> **WORK TO COMPLETE**
Could you retype exactly the line containing "Sarah Sheppard, Nee Byrne" and every line after it in the data below, leaving out the pictures?

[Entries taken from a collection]
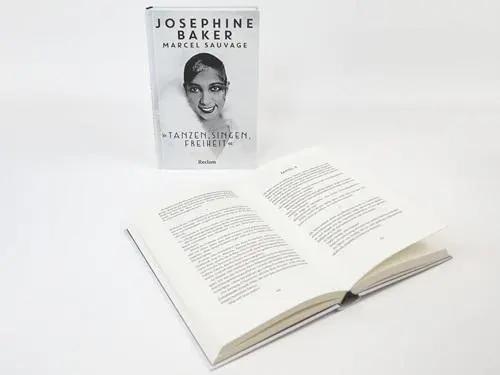 Bild: 9783150115220 | "Tanzen, Singen, Freiheit". Memoiren | Josephine Baker (u. a.) | Buch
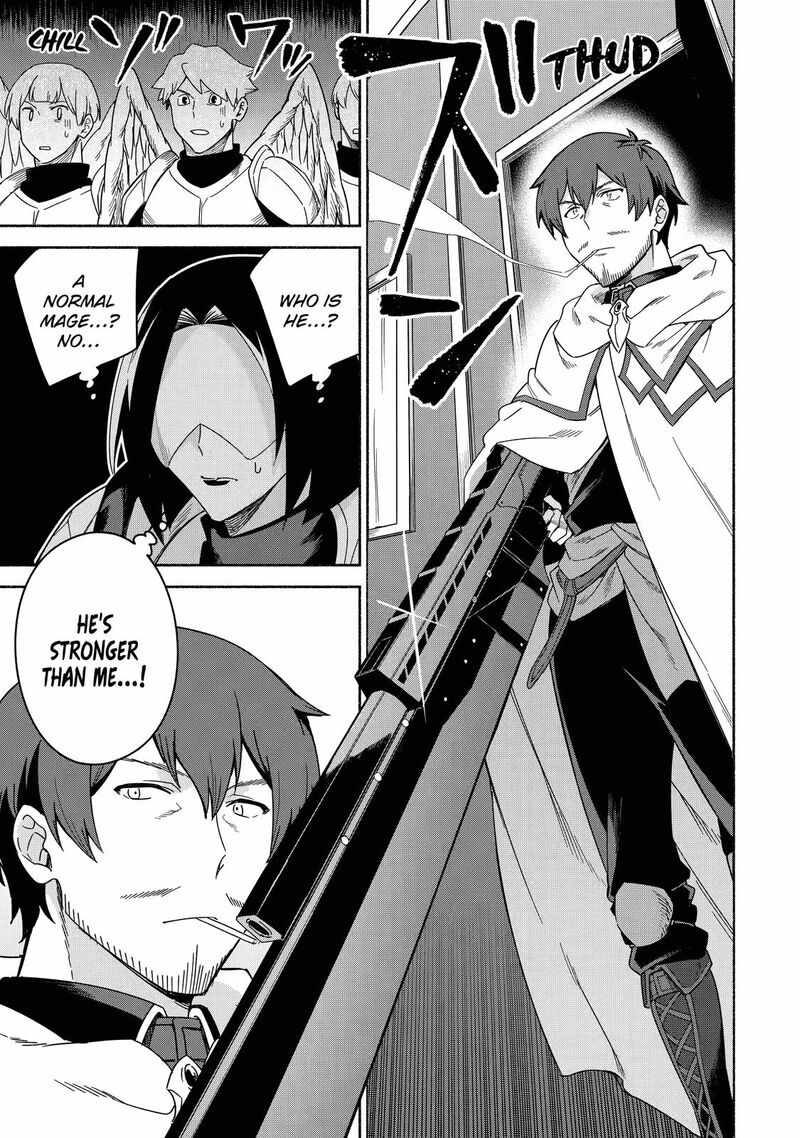 Arafo Kenja No Isekai Seikatsu Nikki Kimamana Isekai Kyoushi Life Chapter 39 Page 13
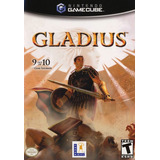 Gladius - Gamecube (original)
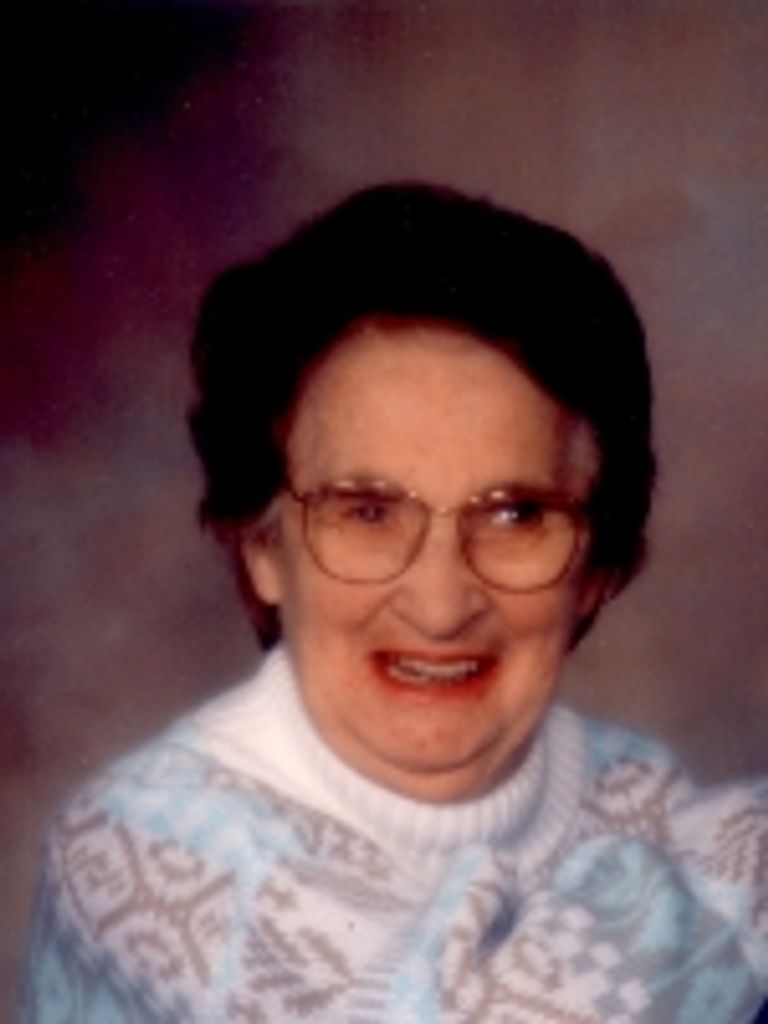 Sarah Sheppard, Nee Byrne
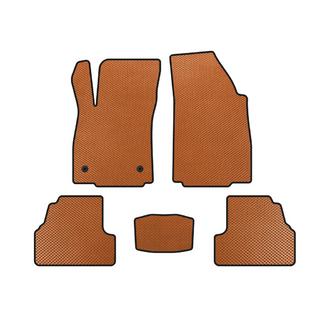 EVA Floor Mats (Orange)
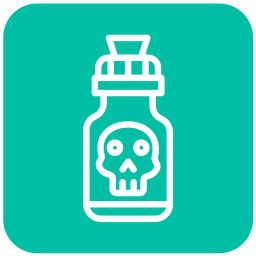 Poison icon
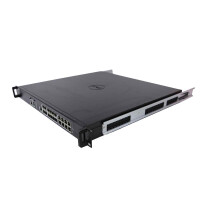 Dell Firewall SonicWALL NSA 6600 4Ports SFP+ 10Gbits 8Ports SFP 1000Mbits 8Ports 1000Mbits Managed Rack Ears
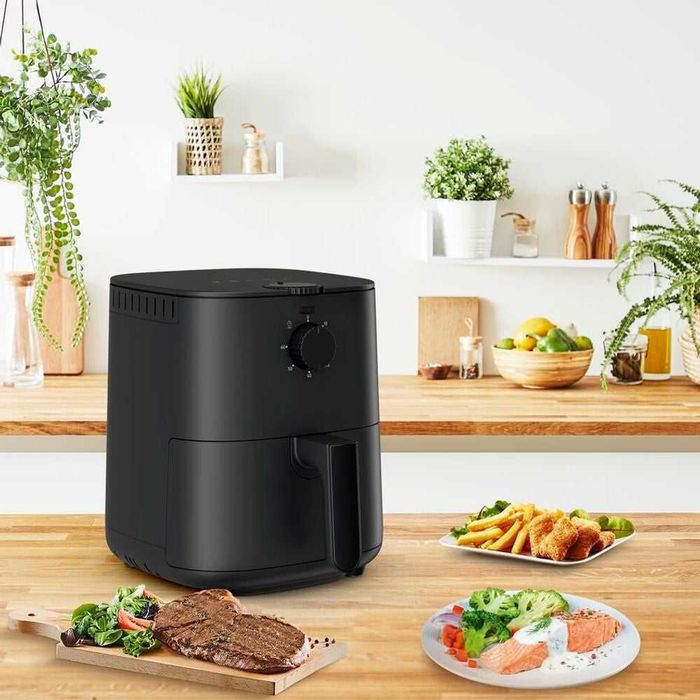Friteuză aer cald Easy Fry Essential EY130815 Air fryer sigilat in cutie, garantie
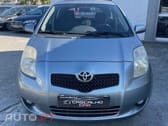 Toyota Yaris 1.4 D-4D Sol High P. MM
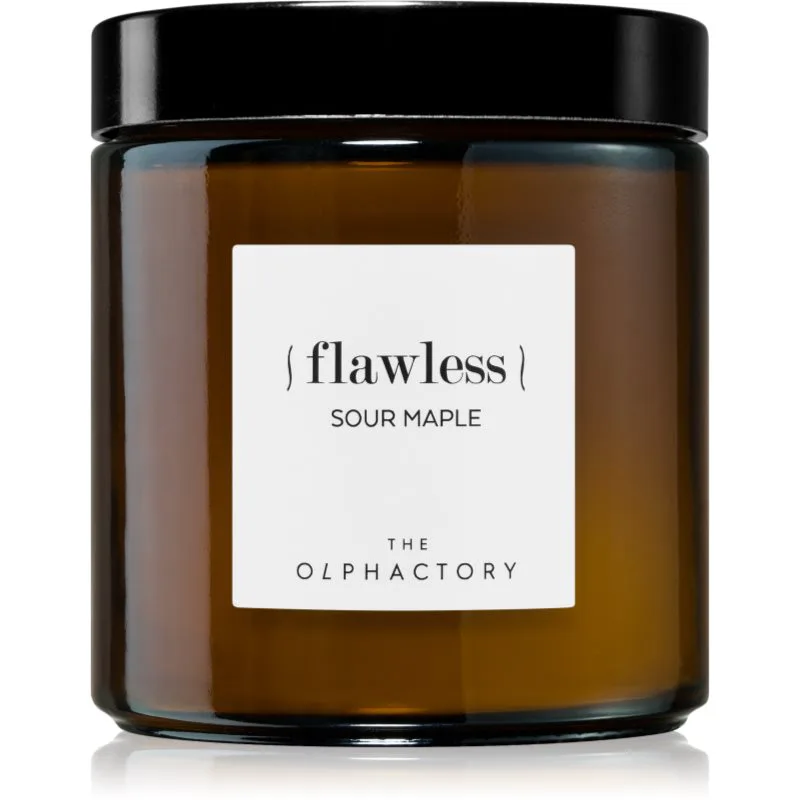 The Olphactory Flawless Sour Maple αρωματικό κερί 360 γρ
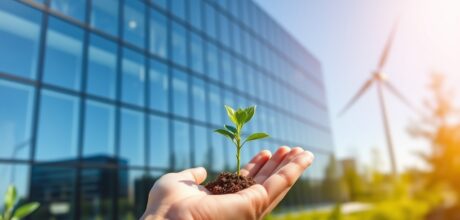 Gestão Sustentável: Práticas ESG para Empresas Modernas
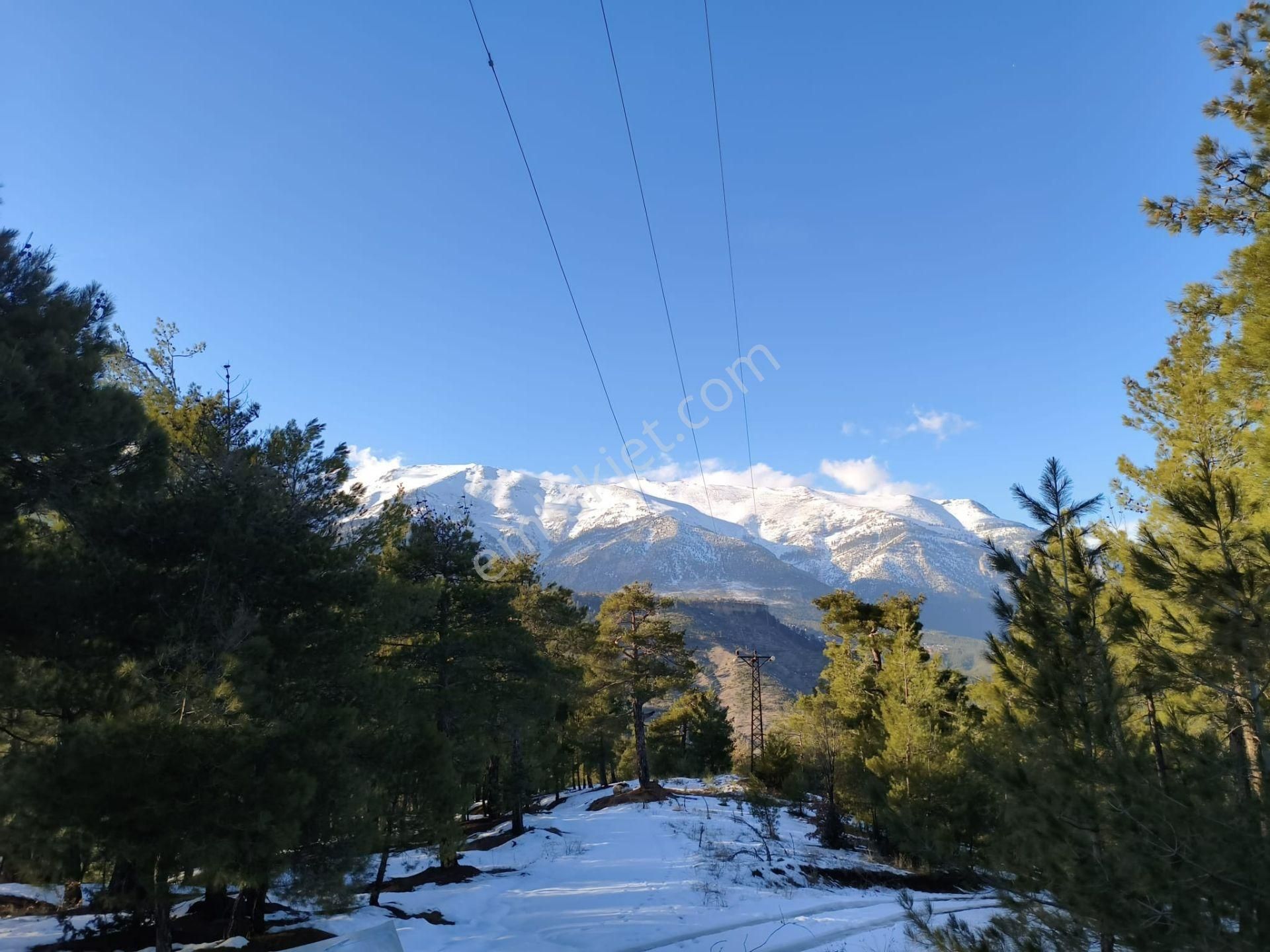 Kar Emlaktan Eskikonacık Mevkiinde 1 Dönüm Satılık Arsa - Görsel 21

> **ANSWER SPACE**
 Sarah Sheppard, Nee Byrne
 EVA Floor Mats (Orange)
 Poison icon
 Dell Firewall SonicWALL NSA 6600 4Ports SFP+ 10Gbits 8Ports SFP 1000Mbits 8Ports 1000Mbits Managed Rack Ears
Friteuză aer cald Easy Fry Essential EY130815 Air fryer sigilat in cutie, garantie
 Toyota Yaris 1.4 D-4D Sol High P. MM
 The Olphactory Flawless Sour Maple αρωματικό κερί 360 γρ
 Gestão Sustentável: Práticas ESG para Empresas Modernas
 Kar Emlaktan Eskikonacık Mevkiinde 1 Dönüm Satılık Arsa - Görsel 21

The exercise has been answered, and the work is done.